Kepala Unit Tani dan Nelayan Center (TNC) IPB University, Prof. Hermanu Triwidodo dalam pembukaannya menyampaikan terkait urgensi pembahasan penangkapan ikan terukur dari sudut pandang pembuat kebijakan dan akademisi, serta menggali pandangan dan harapan nelayan terhadap kebijakan PIT. Webinar Series ini di buka oleh Rektor IPB University, Prof. Arif Satria dan di moderatori oleh Wakil Kepala Unit Tani dan Nelayan Center, IPB University, Dr. Roza Yusfiandayani.

Katimja Tata Kelola Perizinan atau Penyelenggara Perizinan, PDK-DJPT, KKP, Wawi Suroso menyampaikan bahwa kebijakan terkait Penangkapan Ikan Terukur dibuat untuk menjaga keberlanjutan ekosistem laut, meningkatkan mutu dan daya saing produk perikanan, meningkatkan kesejahteraan masyarakat, hingga mendorong pertumbuhan ekonomi nasional yang berkualitas.

“Hal ini merupakan transformasi tata kelola perikanan nasional. Ekologi sebagai panglima. Saat ini fokus dari KKP membuat ocean big data” beber Wawi.

Guru Besar Fakultas Perikanan dan Ilmu Kelautan IPB University Prof. Tri Wiji Nurani menyebut kalau kebijakan PIT sudah sesuai dengan prinsip pengelolaan perikanan berkelanjutan.

“Pelaksanaan kebijakan ini dapat mendukung kesinambungan usaha perikanan nasional dengan terjaganya ekosistem sumber daya ikan,” ungkap Prof. Tri Wiji.

Lebih jauh, dia menyebut bahwa kunci keberhasilan PIT bisa bergantung pada beberapa instrumen yang menjadi syarat mutlak. Di antaranya adalah penetapan zona yang disusun sebagai satu kesatuan pengembangan ekonomi dan ekologi dan pemerataan kawasan.

Prof. Tri Wiji juga menyampaikan, para pelaku usaha seharusnya bisa menangkap semangat untuk meningkatkan kesejahteraan nelayan dan pelaku usaha melalui kebijakan PIT. Capaian itu diyakini akan mewujudkan keberlanjutan sumber daya ikan dan dapat menjaga sampai masa yang akan datang. Sehingga diperlukan dukungan dan peran serta pemangku kepentingan untuk keberhasilan pembangunan perikanan tangkap yang berkelanjutan.
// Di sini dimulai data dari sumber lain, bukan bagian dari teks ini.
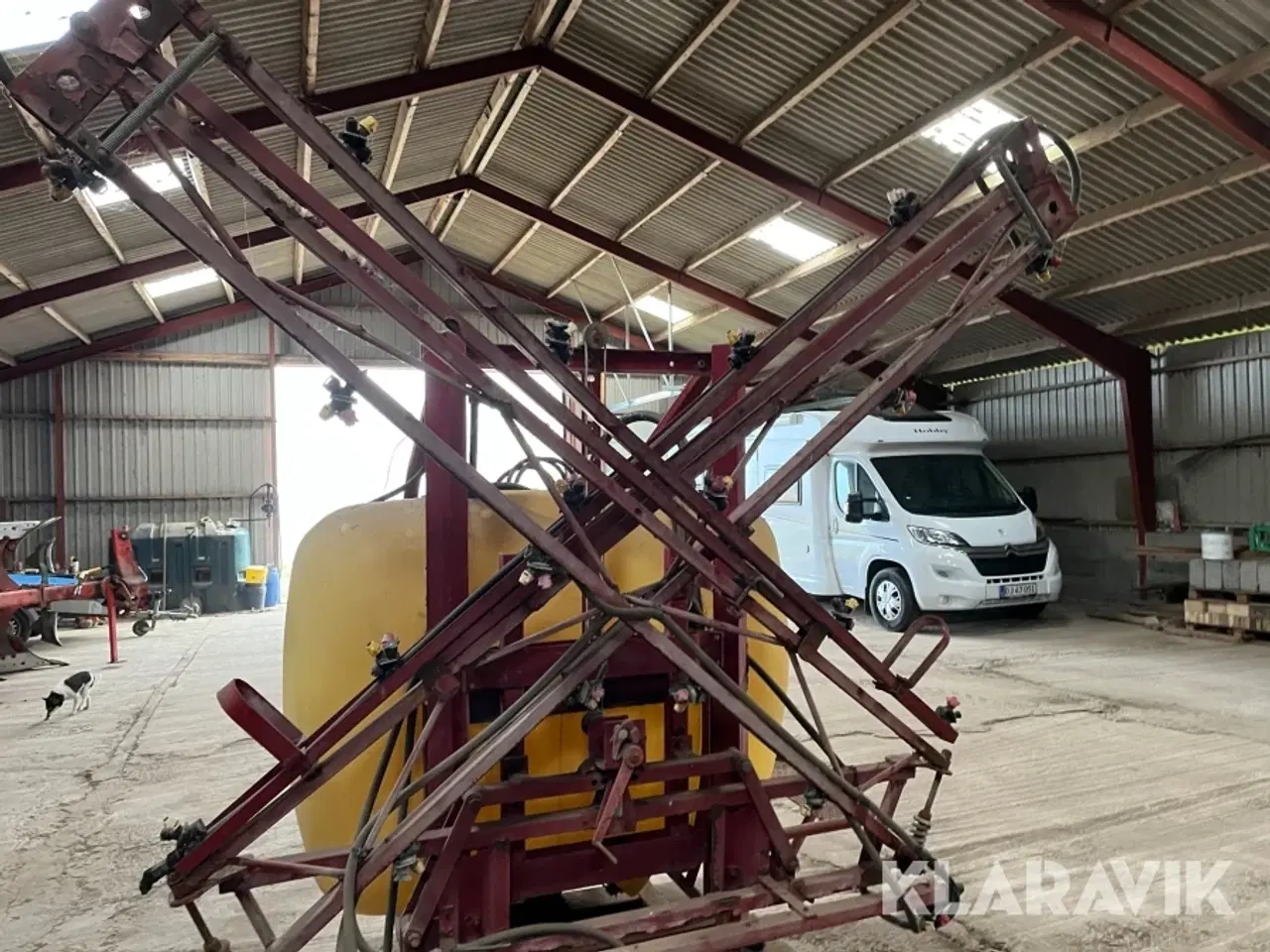 Billede 7 - Marksprøjte Hardy 1301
Hal berbeda disampaikan oleh Anggota Komisi IV DPR-RI Ono Surono, bahwa KKP selalu tidak siap dengan setiap kebijakan yang dilahirkan sehingga menimbulkan polemik dimasyarakat sebelum penerapannya. Ono menyebut bahwa organisasi Lingkungan Hidup seperti WALHI juga tidak setuju dengan penerapan PIT, begitu juga beberapa penolakan dari berbagai organisasi masyarakat nelayan.
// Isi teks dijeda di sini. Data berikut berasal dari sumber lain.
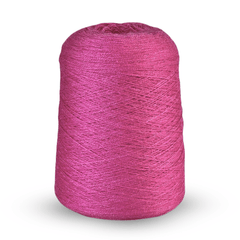 Revolution Fibers Yarn Magenta Zephira Wool-Silk 2/18 Yarn | Large Cone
“Sebenarnya PIT ini sudah diketahui oleh masyarakat bahwa bukan untuk pengelolaan perikanan berkelanjutan, namun tujuannya untuk meningkatkan PNBP. Kan, kita semua tahu diawal Menteri dilantik bicaranya seperti apa? Bicaranya terkait dengan PNBP yang sangat kecil, dibawah 1 triliun rupiah”, beber Ono.

Disampaikan juga oleh Ono bahwa sejumlah nelayan dan para pemilik kapal tidak memahami secara detail mengenai aturan PIT berbasis zona dan kuota. Di samping itu, belum semua pelabuhan perikanan menyediakan gerai layanan perikanan tangkap yang berfungsi untuk memfasilitasi nelayan, pelaku usaha perikanan dalam proses migrasi perizinan dan sebagai tempat pengaduan atau tanya jawab terkait kebijakan penangkapan ikan terukur.
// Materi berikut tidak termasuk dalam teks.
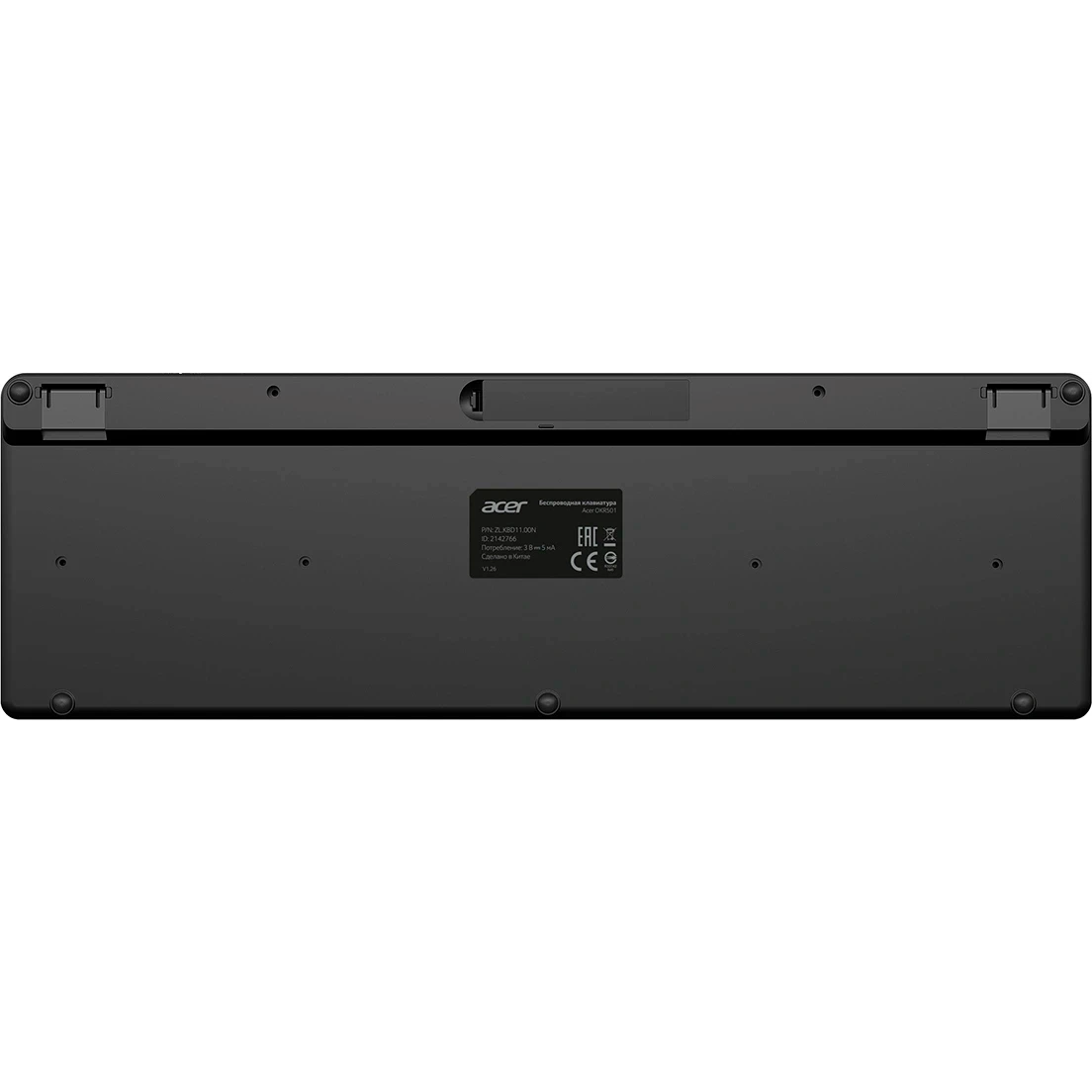 Клавиатура Acer OKR501 - ZL.KBD11.00N - фото 2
“Tentunya pemerintah dalam hal ini KKP harus menjadikan nelayan dan pelaku usaha itu sebagai sentral, termasuk dalam menyusun perundang-undangan, selami mereka, dalami mereka dan cari tahu apa kesulitan dan kesukaan mereka” tegas Ono.

Persepsi masyarakat menggambarkan keraguan terhadap kebijakan PIT karena dipandang menimbulkan kerugian bagi nelayan kecil dan tradisional. Sementara itu, infrastruktur, kesiapan sumber daya manusia, dan pemahaman terkait pelaksanaan PIT dinilai minim. Salah satu nelayan dari Desa Lampulo, Aceh menyampaikan bahwa selama ini diskusi terkait kebijakan perikanan selalu dari atas ke bawah.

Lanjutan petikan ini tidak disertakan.